Collectively, these studies suggest that bacterial cells are not able to be completely centrifuged out of milk fat. If this also holds true for human milk, then previous studies of the human milk microbiome are likely incomplete. Another consideration is that the fat concentration in human milk varies depending on the degree of fullness of the breast, so that milk sampled at the beginning of a feed contains a lower concentration of fat than milk sampled at the end of a feed24. If the human milk microbiome varies according to the concentration of fat, then sampling protocols may need to be standardised based on fat concentrations. This study aimed to assess the extent to which bacteria are present in the fat fraction of human milk, and whether the bacterial profiles of human milk fat vary from those of the cell pellet.
Methods
Sample collection and quantification of fat content
Milk samples were collected from lactating women (1–6 months post-partum) who attended study sessions at The University of Western Australia. This study was approved by the University of Western Australia’s Human Research Ethics Committee (RA/4/1/2369) and all participants provided informed consent. All methods were carried out in accordance with relevant guidelines and regulations. For the comparison of the fat fraction and cell pellet, post-feed samples (2–3 ml, n = 10) were hand-expressed into sterile tubes after the breast had been emptied by 15 min of pump-expression using a Symphony electric breast pump (Medela AG, Baar, Switzerland). For the comparison of pre-feed (low-fat) and post-feed (high-fat) samples, a subset of mothers (n = 6) were asked to hand-express samples into sterile tubes before and after a 15 min pump-expression (2–3 ml each). For the spike-in assay, post-feed samples (2–3 ml, n = 10) were hand-expressed into sterile tubes after the breast had been emptied by 15 min of pump-expression. The fat content of each sample was measured using the Creamatocrit method after collection25. All samples were stored at − 20 °C until analysis.
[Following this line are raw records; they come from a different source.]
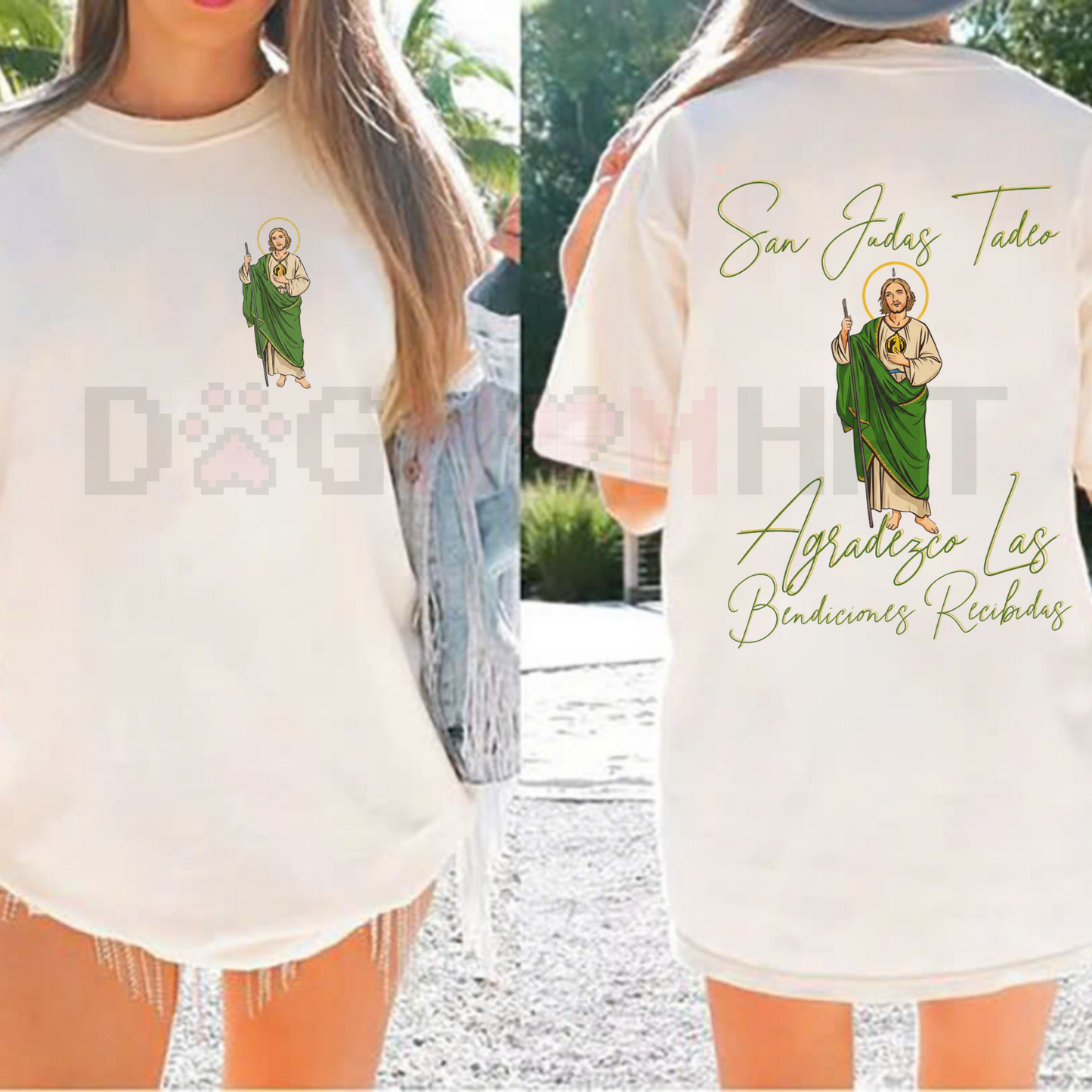 San Judas Tadeo Latino 2 Sides T-Shirt – Classic Cotton Fabric, Religious & Cultural Graphic Tee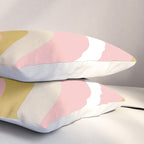 Splendid Rainbow in Golden Mustard Yellow, Pink, Taupe, and White Pillow Sham Gallery Image 3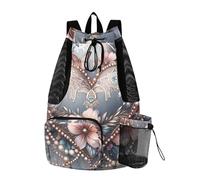 aidingzhi Blu Rosa Barocco Farfalla Cuore Coulisse Borse Da Palestra Per Uomo Donna Borsa Da Piscina Con Tasche Impermeabile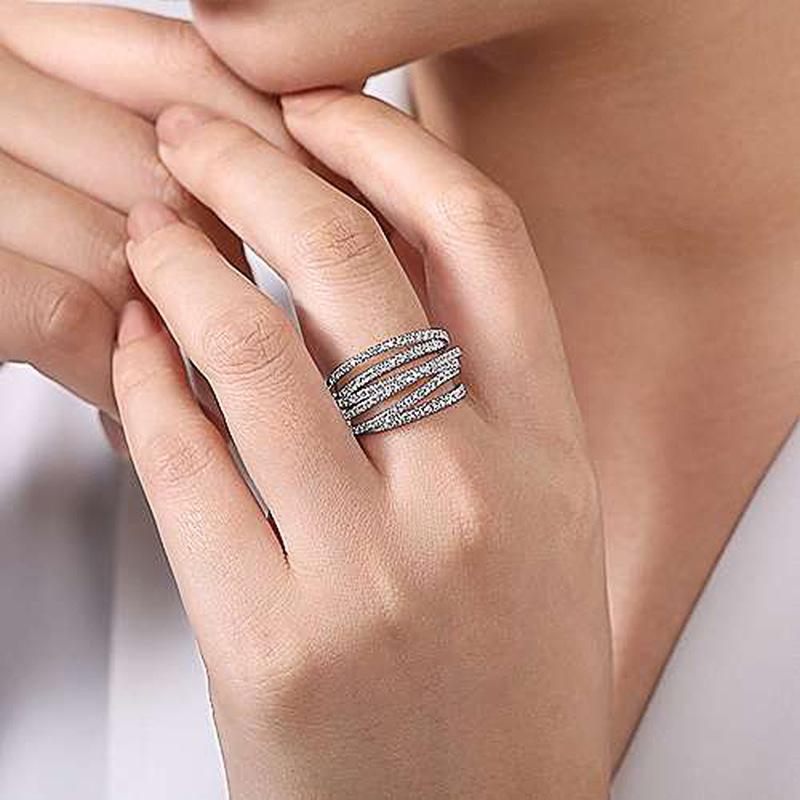 Herren- und Damen-Universalring aus Zirkonia, europäisch und amerikanisch, geometrische Linien, gewunden, unregelmäßig, mehrlagig, Accessoires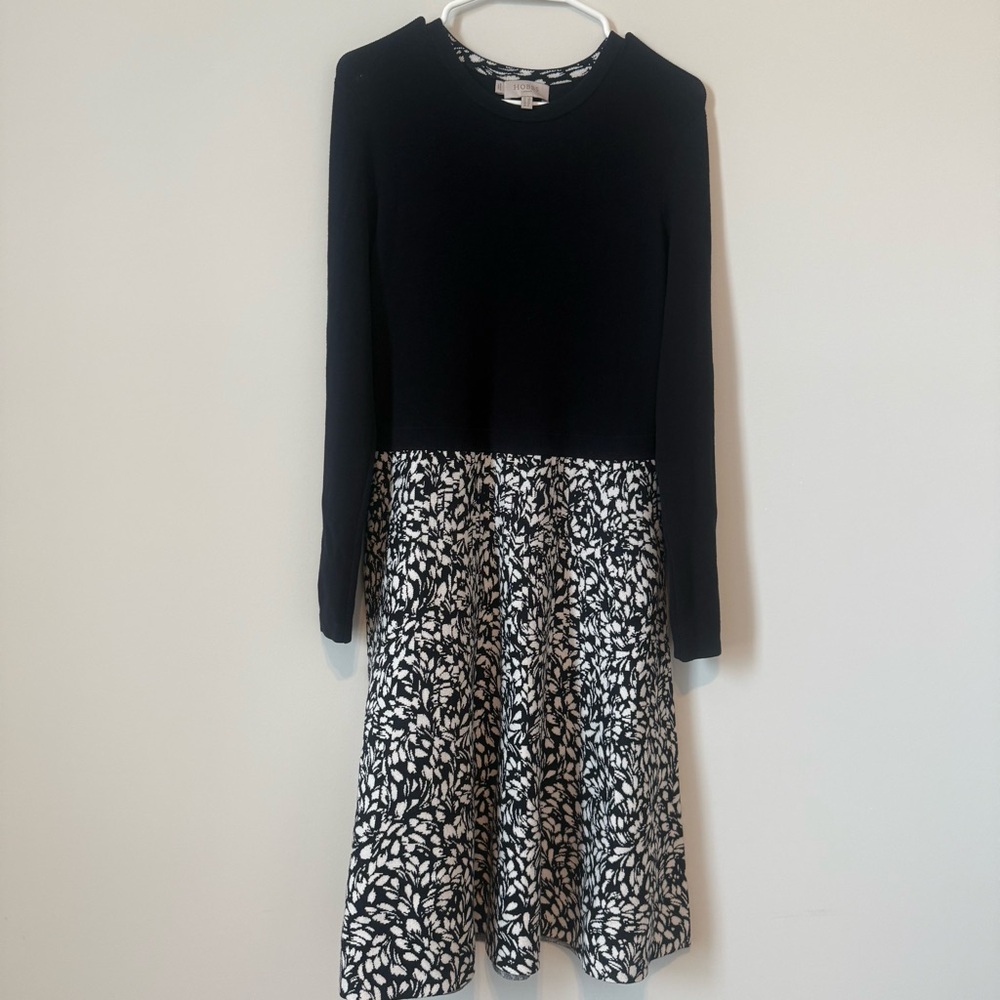Long Sleeve Black & White Floral Fit-and-Flare Dress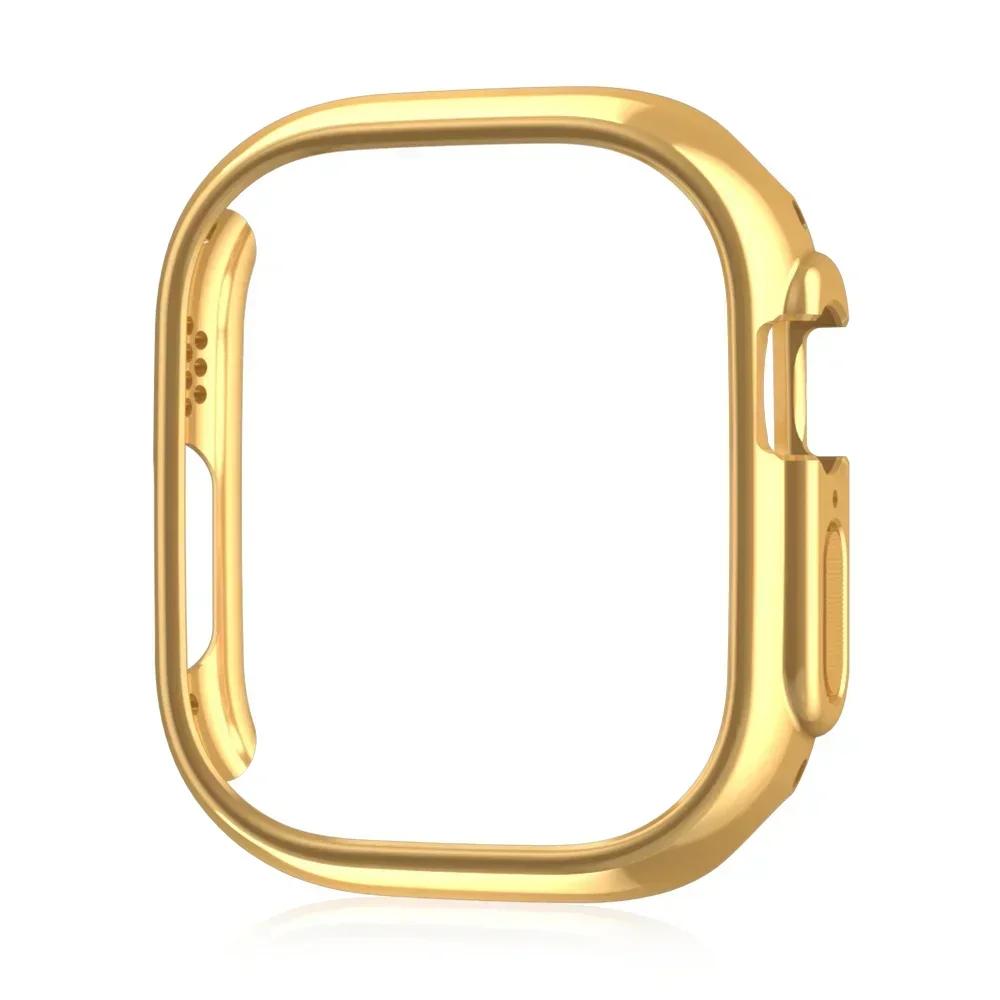 Чехол для ПК для Apple Watch 45 мм 41 мм 38 мм 42 мм 40 мм 44 мм Гальванизированная скелетная крышка Жесткий чехол Рамка для iWatch 10 9 SE 8 7 6 5 4 3 2 1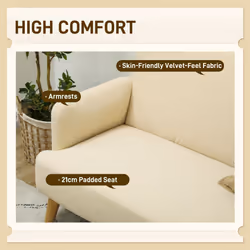 HOMCOM 2 Seater Sofa with 21cm Thick Padding and Wood Legs, Cream White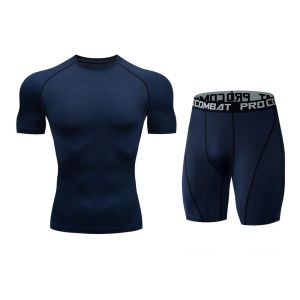 2pcs Mens Compression Sportswear Suit Gym Tight Yoga Sets Workout Jogging MMA Fitness Sports shirt+Shorts Tracksuit Running Set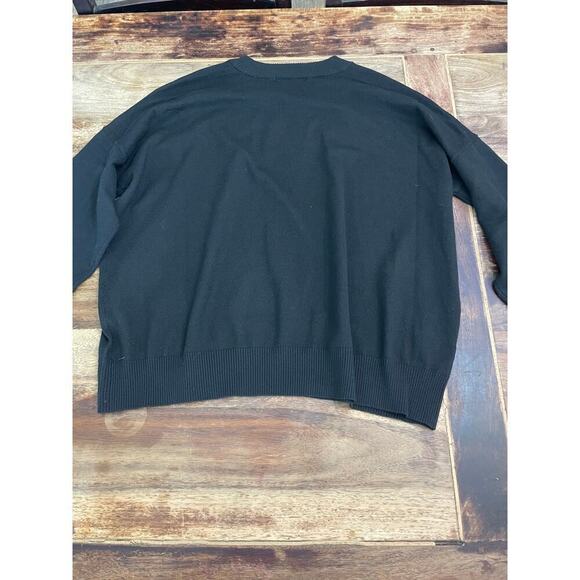 T Tahari Women's Black Long Sleeve Crew Neck Pullover Sweater Size Large - Picture 2 of 12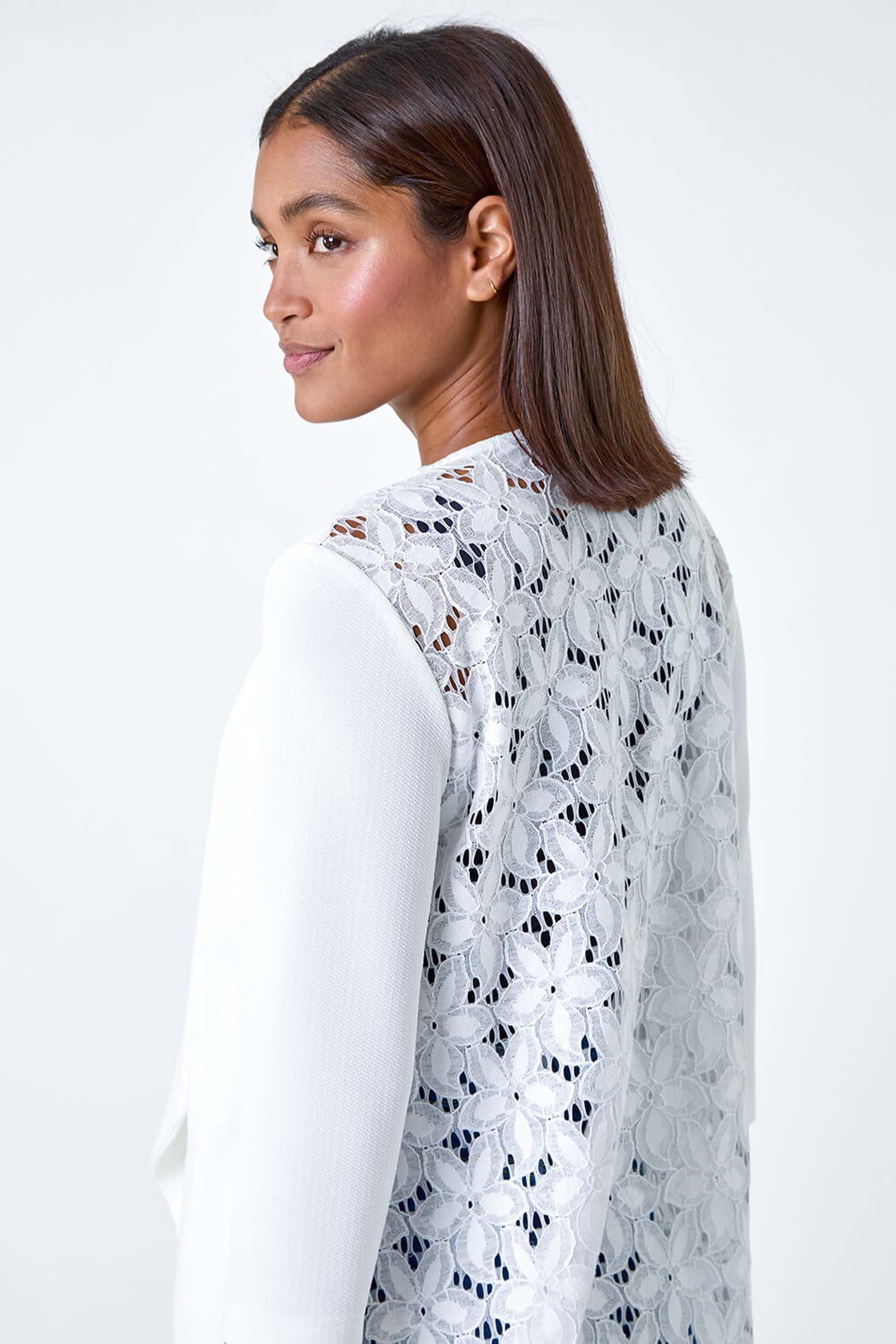 Buy Roman White Lace Back Waterfall Jacket from Next Ireland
Fractionation and DNA extraction
Preliminary testing was performed to assess the best method for fractionation of the samples. Centrifugation was performed at 5000, 10,000, 20,000, and 40,000g. The firmness of the fat fraction increased at higher centrifugation speeds, and the layer could best be handled at 10,000g. Given that there was no statistical difference in the quantity of total DNA based on centrifugation speed, 10,000 g was used for centrifugation here.
Each sample was mixed thoroughly then divided into three 1 ml aliquots: one for the fat fraction, one for the cell pellet, and one for “whole” milk. All samples were centrifuged at 10,000g for 10 min at 4 °C prior to analysis to separate the fat and cell pellet. For the fat sample, the fat layer was gently moved to the side of the tube using a pipette tip, and the cell pellet and supernatant were removed by pipetting, leaving behind the fat only. For the cell pellet sample, the fat layer was first removed by scraping with a sterile culture loop. The supernatant and any remaining fat was then removed by pipetting, leaving the cell pellet only. For “whole” milk samples, the fat layer was gently pushed to the side of the tube using a pipette tip, and the supernatant was removed by pipetting, leaving both the fat layer and cell pellet. It was not possible to use a single aliquot for all samples given the physical properties of milk lipids. The fat fraction tended to stick to the outside and inside of pipette tips, and could therefore not be moved to a new tube.
Each fraction was resuspended in lysis buffer and DNA was extracted using the QIAGEN MagAttract Microbial DNA kit on the King Fisher Duo platform according to the manufacturer’s instructions. Eluates were stored at − 20 °C until analysis.
Quantification of total, human, and bacterial DNA
Human DNA levels were quantified by qPCR for the human β globin gene, as previously described26. A standard curve was constructed using QIAGEN EpiTech control human DNA. PCR was carried out in 20 μl reactions containing 5 μl of template or water (negative template control), 1X TaqMan Fast Advanced Master Mix (Applied Biosystems), 0.1 μM each of the forward (5′-GGGCAACGTGCTGGTCTG-3′) and reverse (5′-AGGCAGCCTGCACTGGT-3′) primers, 0.25 μM of probe (5′-FAM-CTGGCCCATCACTTTGGCAAAGAA-BHQ1-3′), and 4.2 μl of water. The PCR program consisted of an initial heating step of 95 °C for 20 s, followed by 40 cycles of 95 °C for 1 s and 60 °C for 20 s. Reactions were performed on a ViiA7 Real-Time PCR System (Life Technologies). All samples and controls were run in duplicate.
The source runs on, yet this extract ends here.